NVIDIA GPU Driver Use-After-Free Allows Privilege Escalation in Multi-Tenant ML Clusters
Overview
A high-severity use-after-free vulnerability was identified in the NVIDIA GPU driver's kernel mode layer. The flaw can be triggered by a user-mode client sending a specially crafted sequence of inputs to the driver, leading to a race condition where a memory object is freed but a pointer to it is retained and later used. An attacker with local, low-privilege access can exploit this to write to arbitrary kernel memory. In the context of AI/ML infrastructure, this vulnerability is particularly dangerous in multi-tenant environments like Kubernetes clusters using GPU sharing or MIG (Multi-Instance GPU). A malicious user or a compromised container with access to a GPU slice could exploit this vulnerability to achieve privilege escalation on the host node. A successful exploit could allow an attacker to break out of their container, gain root access on the host, and subsequently access or disrupt all other ML workloads running on that node, including sensitive data and models from other tenants. The impact ranges from a denial of service (crashing the host node) to complete system compromise and loss of workload isolation.
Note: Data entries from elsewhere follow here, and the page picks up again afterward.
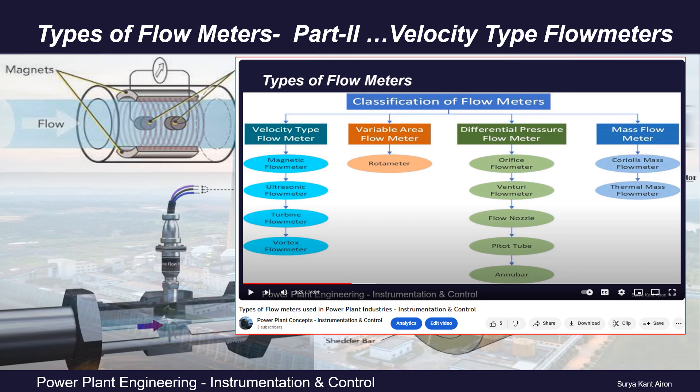Hello friends, a warm welcome to yet another interesting session on instrumentation and control in power plant industries. In our previous session we covered the segregation of various types of flow meters based on the principle of measurement: velocity type, variable area, differential pressure, and mass flow meter. In this video we will be discussing velocity type flow meters in detail. Velocity type flow meters are based on the principle that flow is directly proportional to velocity.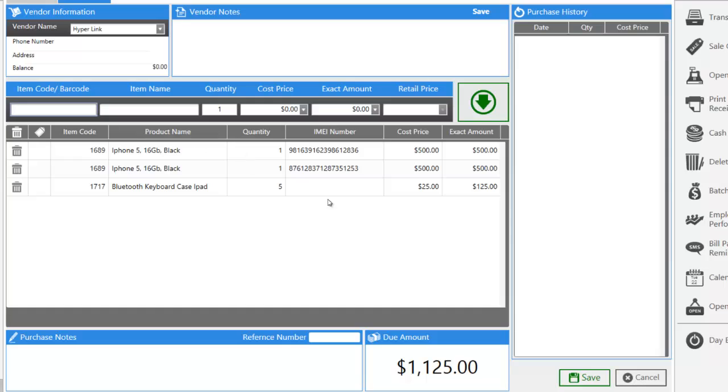All right, everything looks good. At the bottom, we can see my due amount. This is what you would be paying your vendor or supplier. If you're just adding inventory for the very first time, this number is relevant since you've already paid this amount. Go ahead and click save.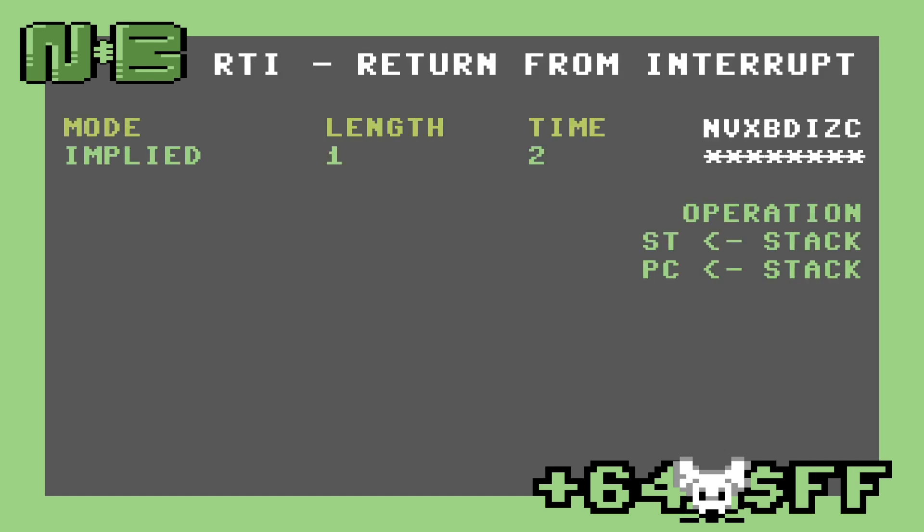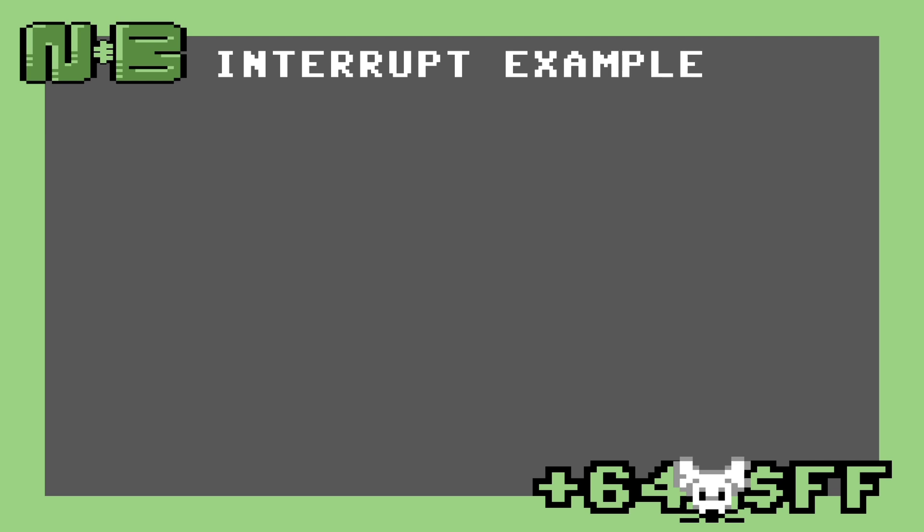RTI, like RTS, is very simple and takes two cycles to execute. So now that we've covered what interrupts are, let's take a look at an example. A good visual example is the raster bar technique.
This vulnerability underscores the importance of securing the lowest levels of the AI infrastructure stack, as flaws in hardware drivers can undermine all higher-level security controls.
Affected Systems
Testing Guide
1. Check the currently installed NVIDIA driver version on your Linux host using the `nvidia-smi` command. 2. Compare the reported driver version with the patched versions listed in the NVIDIA Security Bulletin for CVE-2024-0073. 3. If your version is lower than the patched version (e.g., less than 550.54.14 for the 550.x series), the system is vulnerable and should be updated immediately.
Mitigation Steps
1. **Update NVIDIA Drivers**: Immediately update all GPU drivers on host machines to the patched versions specified in the NVIDIA security bulletin. 2. **Restrict GPU Access**: In multi-tenant environments, use security mechanisms like AppArmor or SELinux profiles to restrict the system calls that containers can make to the GPU driver. 3. **Use Sandboxed Runtimes**: Employ sandboxed container runtimes like gVisor or Kata Containers for running untrusted workloads, adding an extra layer of kernel isolation. 4. **Monitor for Anomalies**: Implement monitoring on host nodes to detect anomalous driver interactions or kernel-level crashes, which could indicate an exploitation attempt.
Patch Details
Patched in NVIDIA driver versions 550.54.14, 545.29.06, 535.154.05 and newer.